It’s early summer in New Orleans and that means one thing: Who Dat, baby!

While the rest of the country ponders heat and humidity, summer vacations, beach reading, baseball and backyard barbeques – and while the other Gulf Coast states ponder the start of hurricane season – early summer in New Orleans lights the flames of football fever, the annual process of faith over reason.

The Saints are, and have been for decades, the single most unifying force in our community; the one superseding element that binds us all together despite race, class, age, gender and politics. On Sundays in the fall, the Superdome has always been a laboratory for the American idyll, for the collective gathering of our better angels.

On Game Day, we are one.

Until we weren’t. Until Colin Kaepernick and then the others and then … the Saints.

We took a knee. Or, if your social and political leanings dictate, “they” took a knee. And everything changed.

Last season, folks around here – well around everywhere, I guess – drew lines in the sand. Either you’re with the players or you’re not. Their sideline protests sullied the sport for you or it didn’t. It was a big deal or it wasn’t. You renounced your citizenship in the Who Dat Nation or you didn’t.

The players were disrespecting our anthem, our flag, our troops, our country. Except they weren’t.

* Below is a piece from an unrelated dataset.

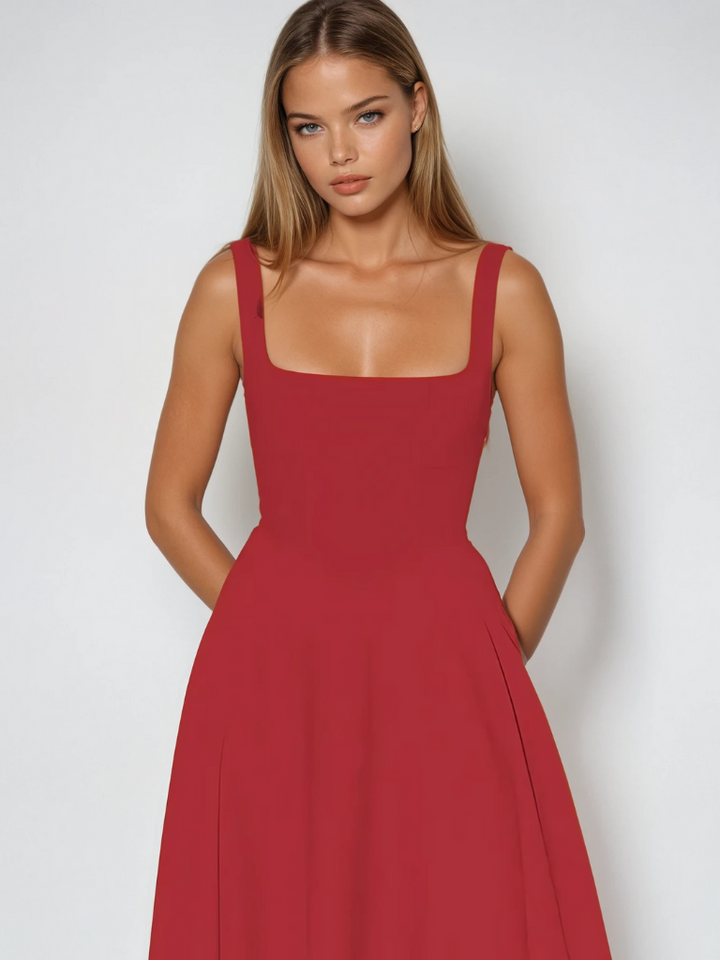Klassisches Midi-Kleid für Damen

I’m going to assume, since you are patronizing this fine, learned and lofty publication, that you are able to see through the smoke and mirrors and hear above the rabble and din and parse the circumstances on your own thoughtful term

But back to the point. Maybe you stopped rooting for the Saints when they took a knee last year. Maybe you cancelled your season ticket subscription. Maybe you burned your old Rickey Jackson jersey. Maybe you swore off them forever; or at least until they made a run in the playoffs. Whatever.

Or maybe you grouse about it, online and to your friends, and it offends your patriotic sensibilities, but you still go to the games because, well … because it’s Game Day. It’s ritual. Church. I mean, what the hell else are you supposed to do?

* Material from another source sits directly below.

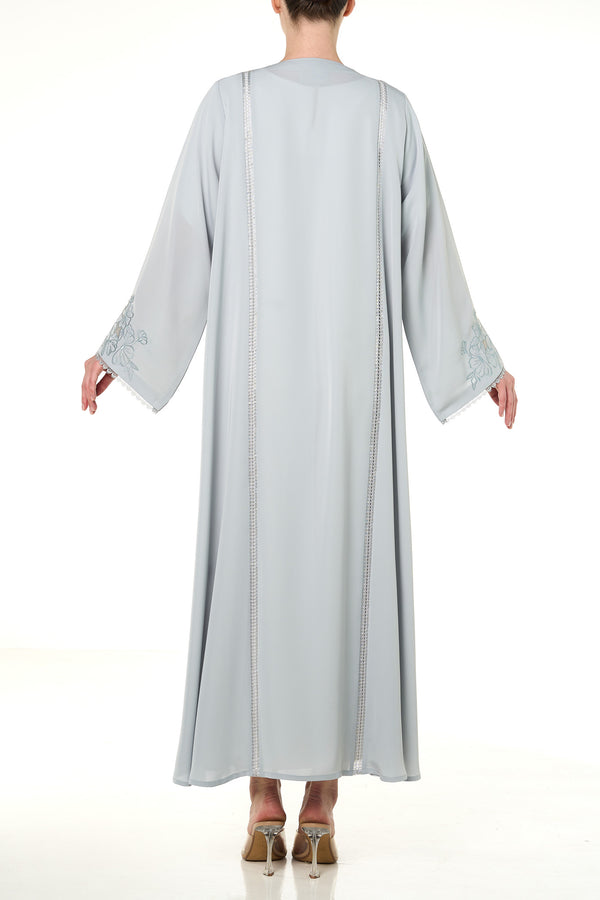 Green Maha Nada Abaya, Embroidery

So to those of you who suffer this indignity but still go to the games, for those who loathe this blatant disrespect of flag of country, I want to ask you to undertake your own anthropological study come Game Day: When the National Anthem begins to play in the Dome, instead of standing at attention, venture up (or down, depending on your seat location and socio-economic status) to the nearest concourse or mezzanine or lounge or concession stand or restroom or smoking area.

It’s doubtful that you’ll see anyone taking a knee there, disrespecting the troops and defiling the flag. Instead, you’ll see your fellow patriots ordering bloody marys, high-fiving, shouting “Who Dat!” macking on the fine ladies in Drew Brees jerseys and generally expressing their right to live in the moment and enjoy themselves on their own terms, regardless of what you think they should be doing. Life, liberty and the pursuit of happiness, right?

You won’t see anyone taking a knee out on the concourse, but you’ll see people wiping mustard off their faces and trading bro-hugs and taking Jello shots and talking about what traitors the players who take a knee are. Wander into the restroom and you won’t see anyone taking a knee, but someone taking a dump. During the National Anthem.

Now I ask you: Who, exactly, is disrespecting the troops?

These are the Patriot Games. WE are all pawns!

And who wants to be a Patriot, anyway? Aren’t you as sick of Tom Brady and Bill Belichick as everyone else?

The true standard of a Patriot is to protest. Think about it: Who were the first Patriots? Protesters all. Against oppression and what they perceived as affront against their civil liberties and freedom to express themselves.

True dat. Who dat. Love the game or leave it.